We are planning a 10 sail out of St. Thomas. We are bringing my in-laws who are inveterate monohull sailors (had 40 ft Bristol for 30 years) so we were thinking for size sake to charter a 48 or 48 cat. Can anyone recommend a charter company out of St. Thomas? We've chartered with The Moorings before and were very happy but for traveling time sake with two 80+ year olds we want to make it as easy as possible. Traveling to Tortola is a whole day affair: flight from NY to St. Thomas, then taxi to the ferry, the ferry, then taxi from ferry to The Moorings. Yuck!


----------



## captainmurph (Feb 12, 2009)

These folks are top notch and they are located a couple of miles from the airport before you get to the ferry terminal.

CYOA Yacht Charters | US Virgin Islands | St. Thomas

Greg Murphy
S/V Amalia
1965 Cal 30
Muskegon, MI


----------



## FarCry (Apr 21, 2007)

captainmurph said:


> These folks are top notch and they are located a couple of miles from the airport before you get to the ferry terminal.
> 
> CYOA Yacht Charters | US Virgin Islands | St. Thomas
> 
> ...


Thanks Greg, technically I am one of "those folks".

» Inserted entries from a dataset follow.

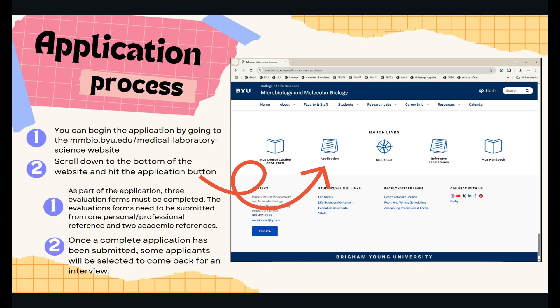The MLS major is a limited enrollment major, meaning there is an application process. You can begin your application by going to mmbio.byu.edu/medical-laboratory-science. If you scroll to the bottom, you will find a link to the application. As part of the application, three evaluation forms must be completed — one from a personal or professional reference and two from academic references. Once a complete application has been submitted, some applicants will be selected to come back for an interview.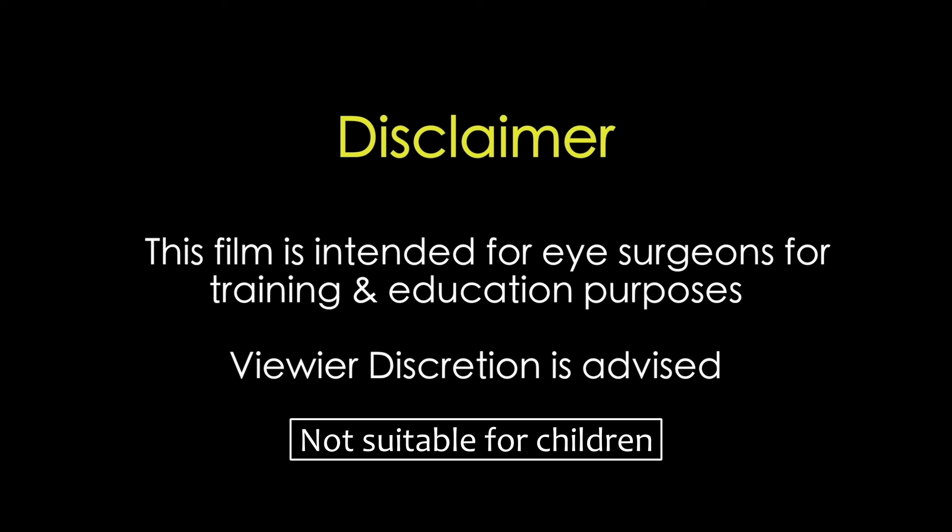This film is intended for eye surgeons for training and education purposes. Viewer discretion is strongly recommended.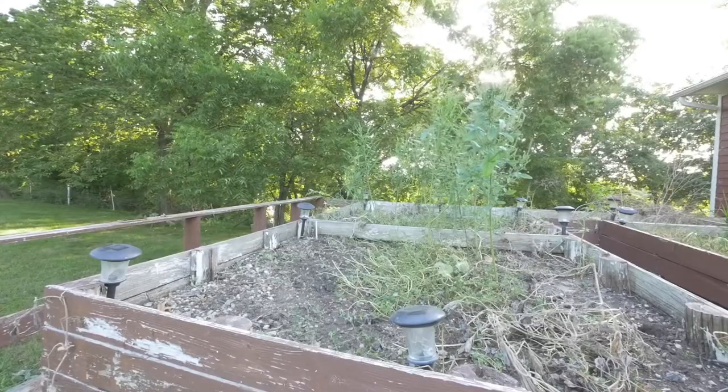Hey everyone, welcome back to Little Z Farm. It is a beautiful August morning here in Missouri at our new property. I'm actually in the backyard of my dad's house where the previous owners had these wonderful raised beds. When we arrived to the property, they had mostly butternut squash growing.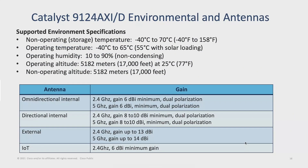Environmental specs: rated from -40 degrees Celsius to +70 degrees Celsius. Reduced operations start at 65°C, with 55°C with solar loading as about as high as you want to go. We're still rating it at -40 to +40 degrees C operationally. Omnidirectional internal antennas are 6 dBi gain max. Directional antennas are 8 to 10 dBi. External antennas can support up to 13 and 14 dBi on 5 gigahertz, and the IoT antenna is consistent at 6 dBi.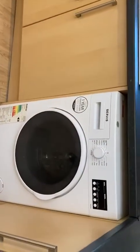Got a washing machine which comes with a tumble dryer as well. So that's pretty good.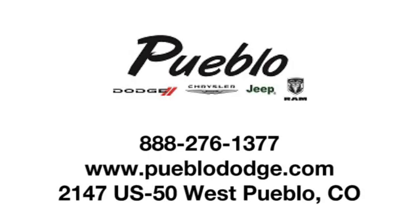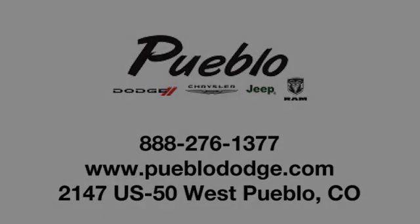Discover family-owned Pueblo Dodge Chrysler Jeep today. We're conveniently located at 2147 U.S. 50 West in Pueblo, Colorado.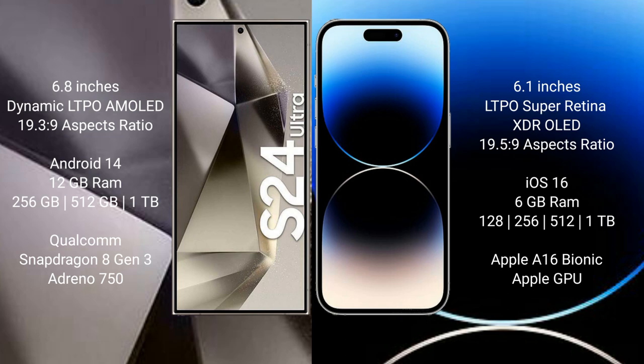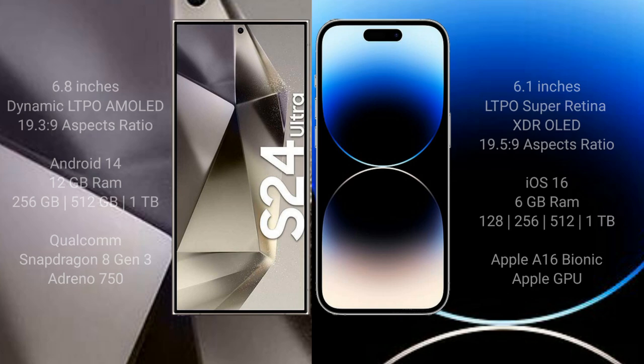iPhone 14 Pro comes with 6GB RAM and 128GB, 256GB, 512GB, and 1TB internal storage options. It features an Apple A16 Bionic processor and Apple GPU.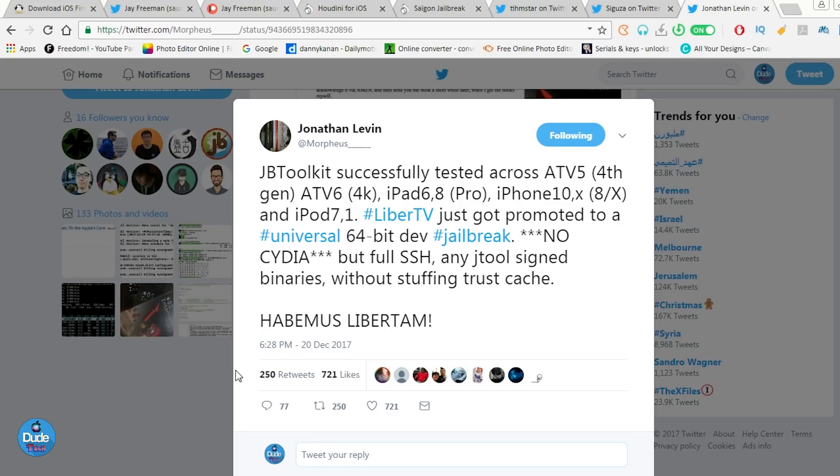Most of the things right now have reached the last steps. We can say the 64-bit devices that support the jailbreak — the iPhone 6, iPhone 7, iPhone 8 — and it's also confirmed the iPhone X will work with the new jailbreak, which is going to be great. As you guys can see, Jonathan is even talking about that. I believe we're going to see the jailbreak maybe before the end of the year.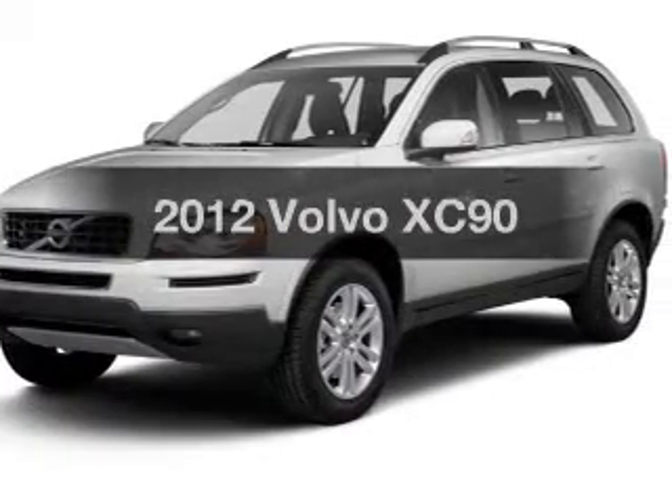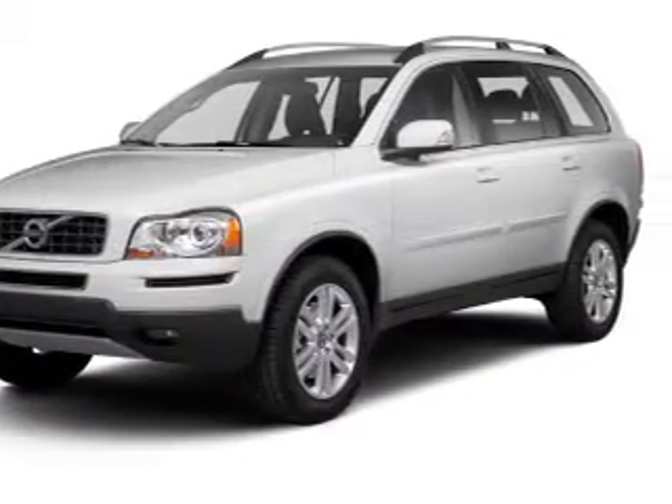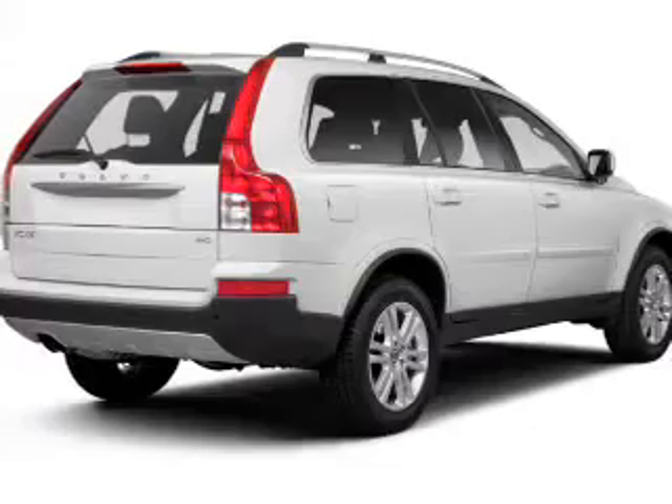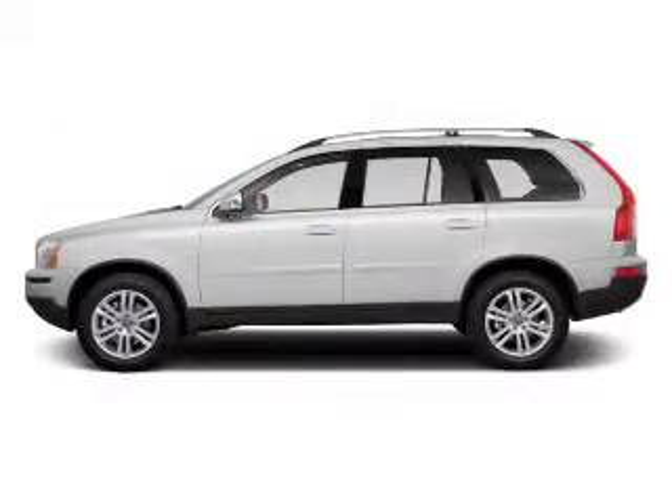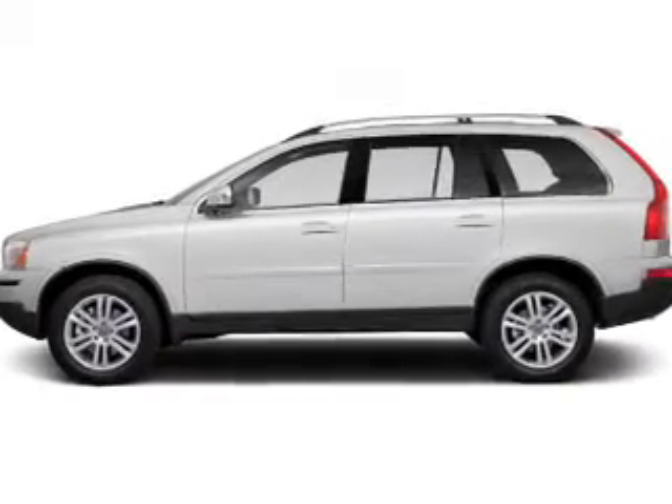Presenting the 2012 Volvo XC90. Travel the roads in style and comfort in this great vehicle. The powertrain includes front wheel drive with a reliable engine driven by an automatic transmission.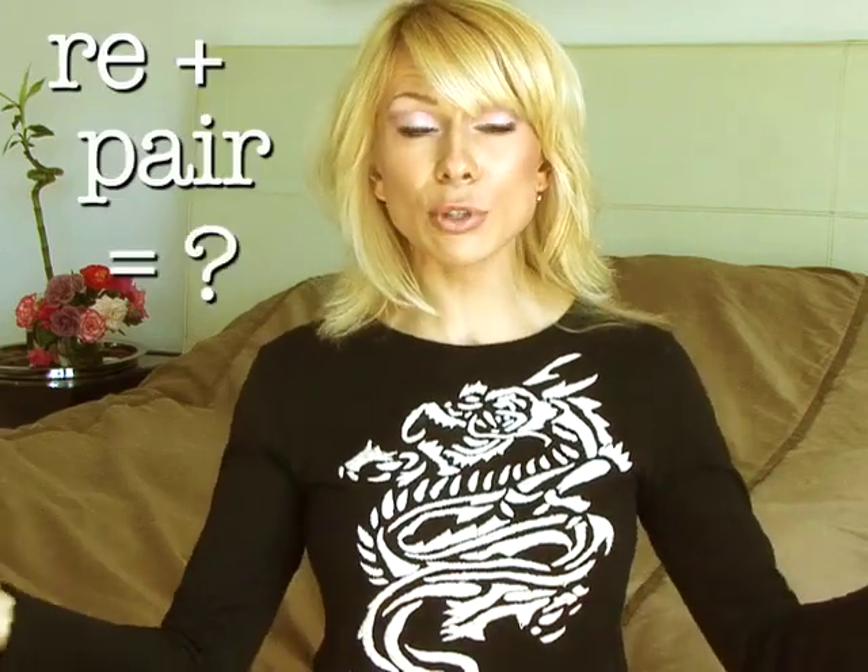On a side note, I learned more in watching your videos than I do probably most days at school. Riku1135 wants to know the origin of the word repair, as repair as re plus pair doesn't seem to make any sense. Interesting question. Riku1135, Hot For Words decided to investigate.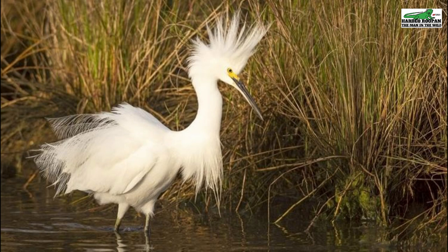Trinidad is home to some amazing creatures. Join me as we explore some of these.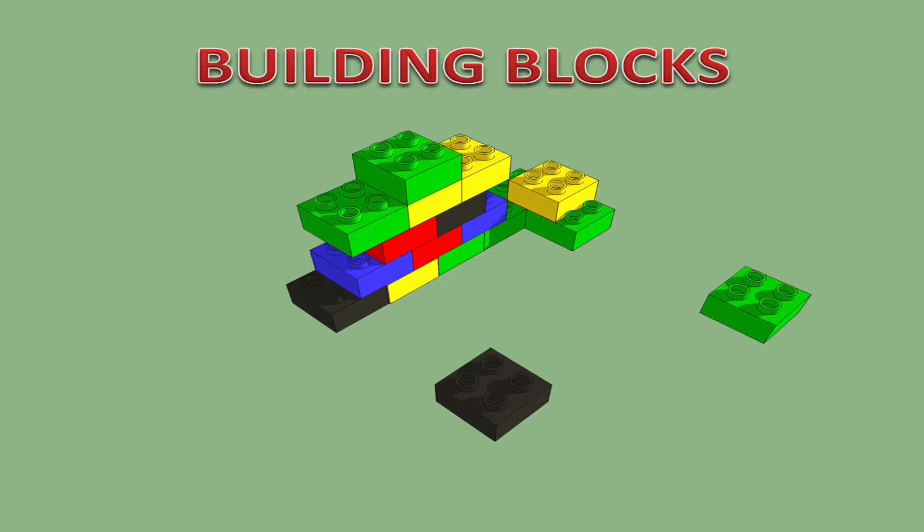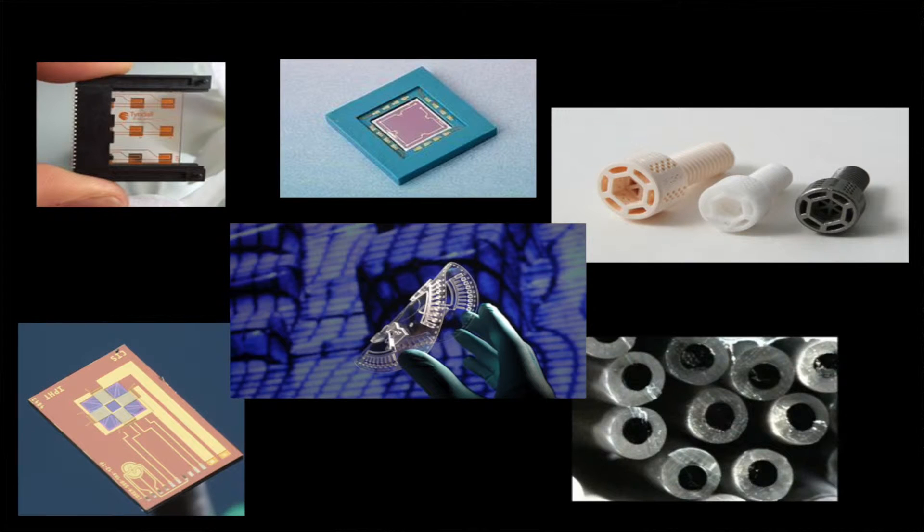Smarter SI will therefore offer building blocks such as chemical sensors, mechanical sensors, innovative smart materials for textile integration and microfluidic modules.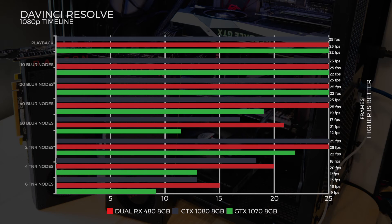Now onto the DaVinci Resolve Candlelight 1080p timeline test. All three systems got 25 frames at 10 to 20 blur nodes. At 40 blur nodes, the 1070 dropped to 19 frames, whilst the dual RX 480s and the 1080 held at 25 frames. At 60 blur nodes, the dual RX 480s took the lead with 21 frames, the 1080 at 17 frames, and the 1070 at 12 frames.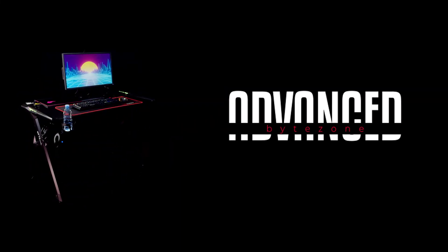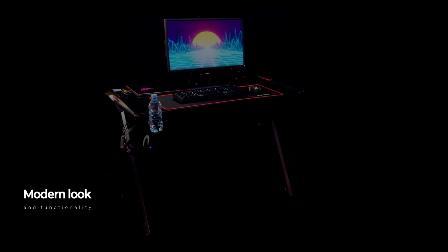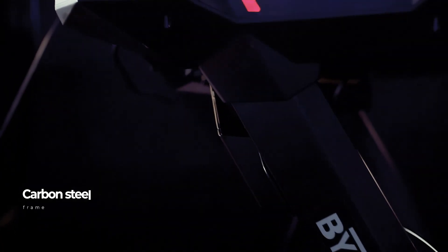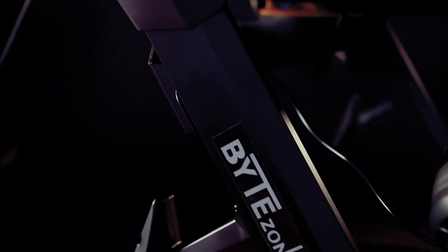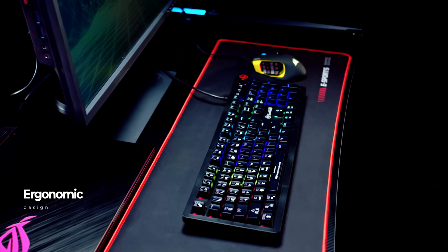The Bite Zone Advanced Desk is much more than just a gaming desk — it is an office gaming desk that will impress you with its modern look and versatile functionality. It is made of a carbon steel frame which offers extreme stability and durability. The Advanced Desk is designed with ergonomics in mind.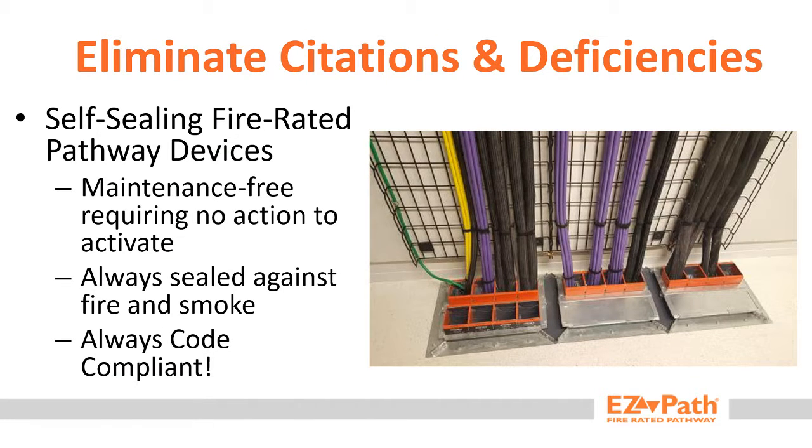The only way to truly eliminate the opportunity for citations and life safety deficiencies with structured cabling is to use self-sealing, fire-rated pathway devices. Self-sealing pathways are considered maintenance-free and always provide fire and smoke seals without the need for user activation or manipulation after cable work has occurred.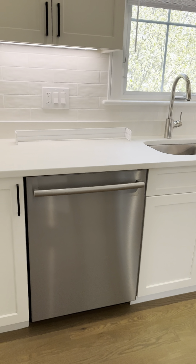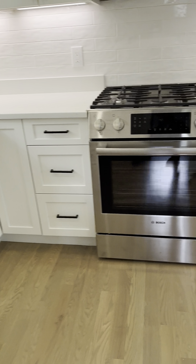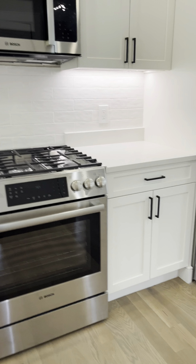All updated. Renovated kitchen, completely new. Stainless steel appliances. Nice hardwood flooring.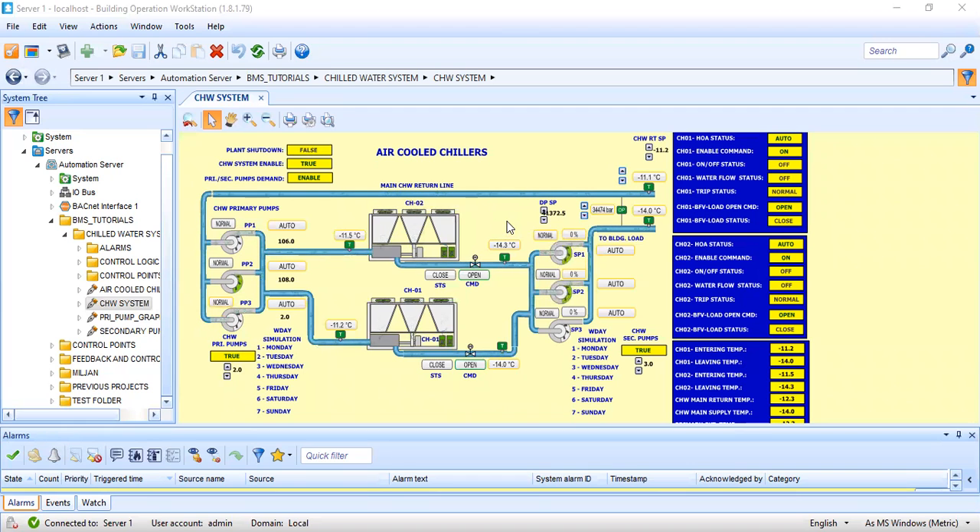What I have here is my testing and commissioning material. As I said, what I'm going to do is discuss BMS testing and commissioning. This testing and commissioning usually happens during the later part of the project.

Dinghygoddess head on over to the CYOA website and take a look. There is one 48' (Fountaine Pajot Salina) cat and a bunch of slightly smaller ones.


----------



## Night_Sailor (May 27, 2012)

dinghygoddess said:


> We are planning a 10 sail out of St. Thomas. We are bringing my in-laws who are inveterate monohull sailors (had 40 ft Bristol for 30 years) so we were thinking for size sake to charter a 48 or 48 cat. Can anyone recommend a charter company out of St. Thomas? We've chartered with The Moorings before and were very happy but for traveling time sake with two 80+ year olds we want to make it as easy as possible. Traveling to Tortola is a whole day affair: flight from NY to St. Thomas, then taxi to the ferry, the ferry, then taxi from ferry to The Moorings. Yuck!


I like CYA there in Frenchtown.

Honest folks. I trust them.

I might have the name mixed up. After reading the other posts, perhaps it is CYOA. They are close to "The Cut" by Hassel Island, in Frenchtown, and a short walk from McD's.


----------



## FarCry (Apr 21, 2007)

Night_Sailor said:


> I like CYA there in Frenchtown.
> 
> Honest folks. I trust them.
> 
> I might have the name mixed up. After reading the other posts, perhaps it is CYOA. They are close to "The Cut" by Hassel Island, in Frenchtown, and a short walk from McD's.


It is indeed CYOA and located exactly where you are describing it. Thanks for the kind words.


----------